[Captioned web images]
• • • • •

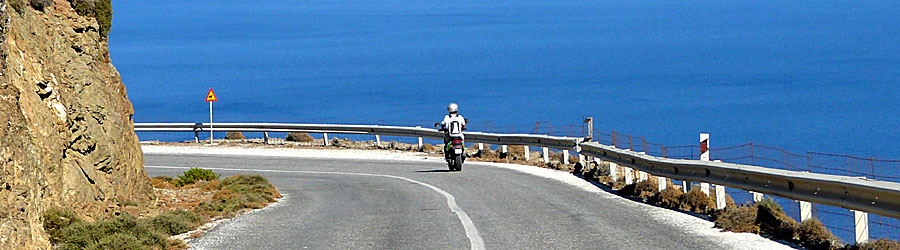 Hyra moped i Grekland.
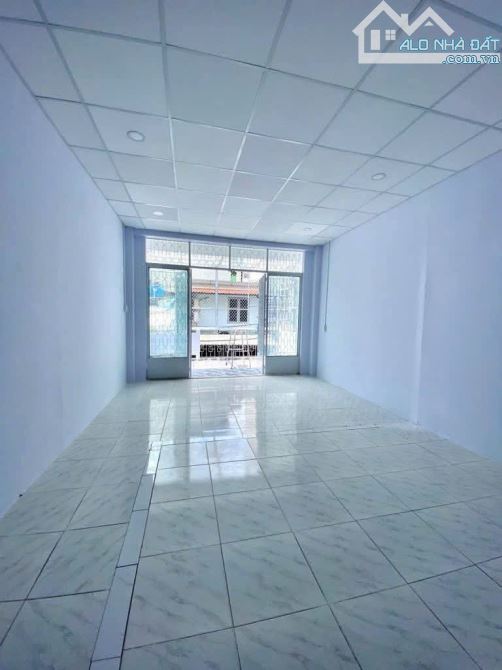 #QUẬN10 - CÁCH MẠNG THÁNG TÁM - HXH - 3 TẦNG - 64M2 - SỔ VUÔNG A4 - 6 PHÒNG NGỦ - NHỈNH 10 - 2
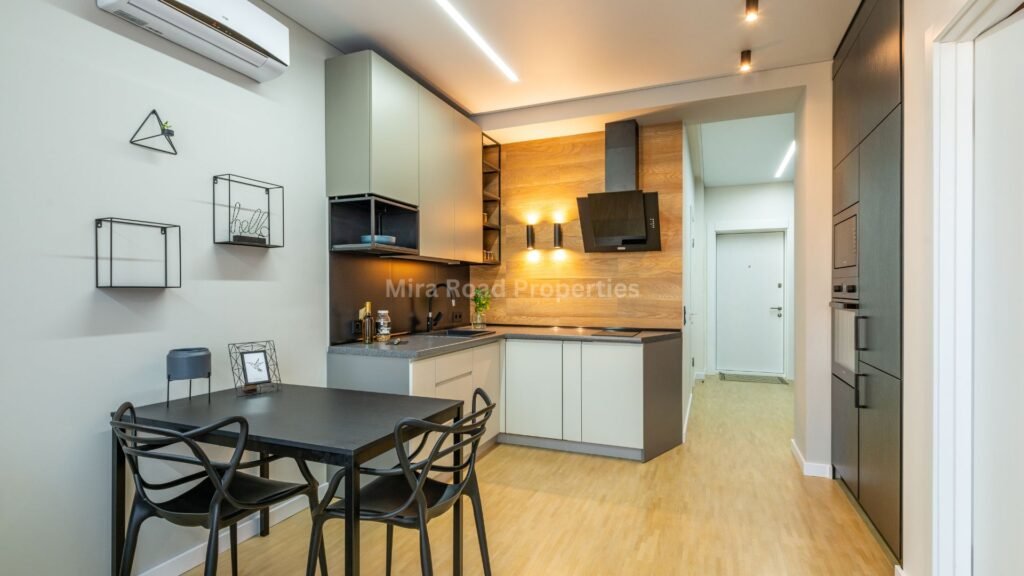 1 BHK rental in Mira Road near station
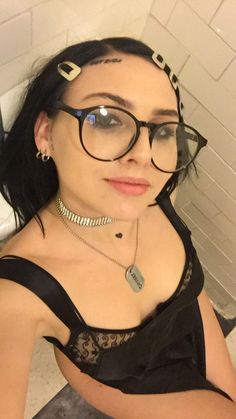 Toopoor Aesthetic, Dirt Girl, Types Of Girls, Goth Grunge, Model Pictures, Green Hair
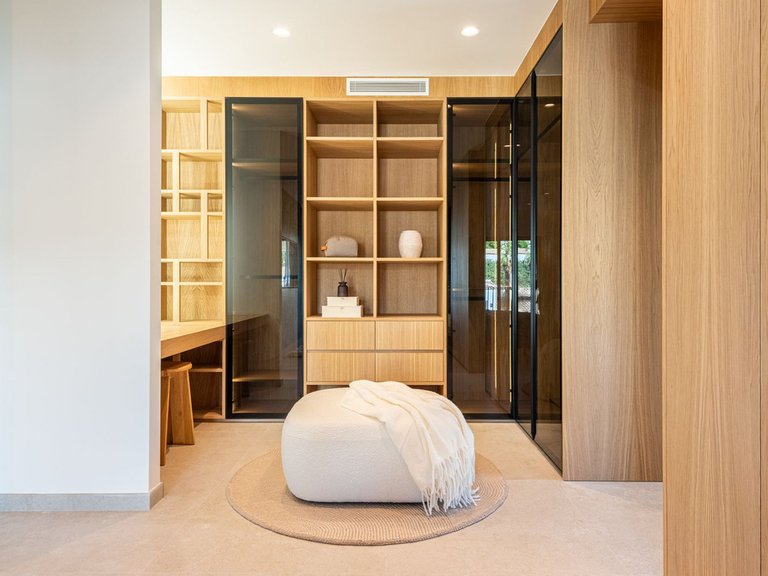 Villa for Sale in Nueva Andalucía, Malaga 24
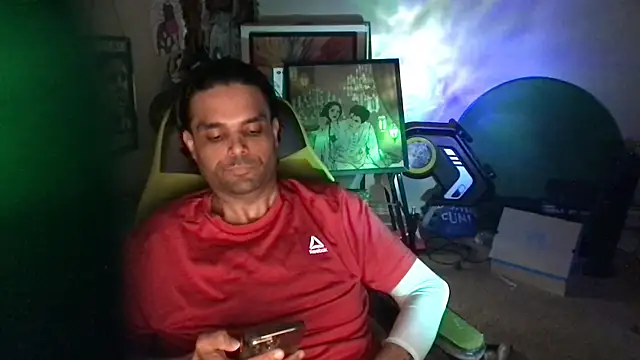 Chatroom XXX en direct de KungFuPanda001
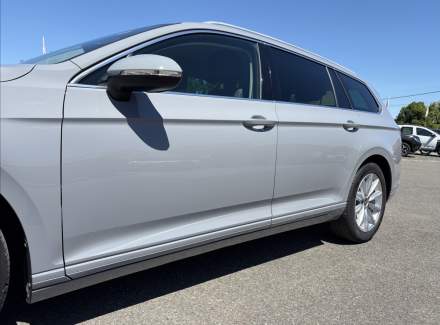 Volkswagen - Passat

• • • • •

Work instructions >>
Restating the data word for word is the task, and pictures are to be omitted.

Response to this exercise >>
 Hyra moped i Grekland.
 #QUẬN10 - CÁCH MẠNG THÁNG TÁM - HXH - 3 TẦNG - 64M2 - SỔ VUÔNG A4 - 6 PHÒNG NGỦ - NHỈNH 10 - 2
 1 BHK rental in Mira Road near station
 Toopoor Aesthetic, Dirt Girl, Types Of Girls, Goth Grunge, Model Pictures, Green Hair
 Villa for Sale in Nueva Andalucía, Malaga 24
 Chatroom XXX en direct de KungFuPanda001
 Volkswagen - Passat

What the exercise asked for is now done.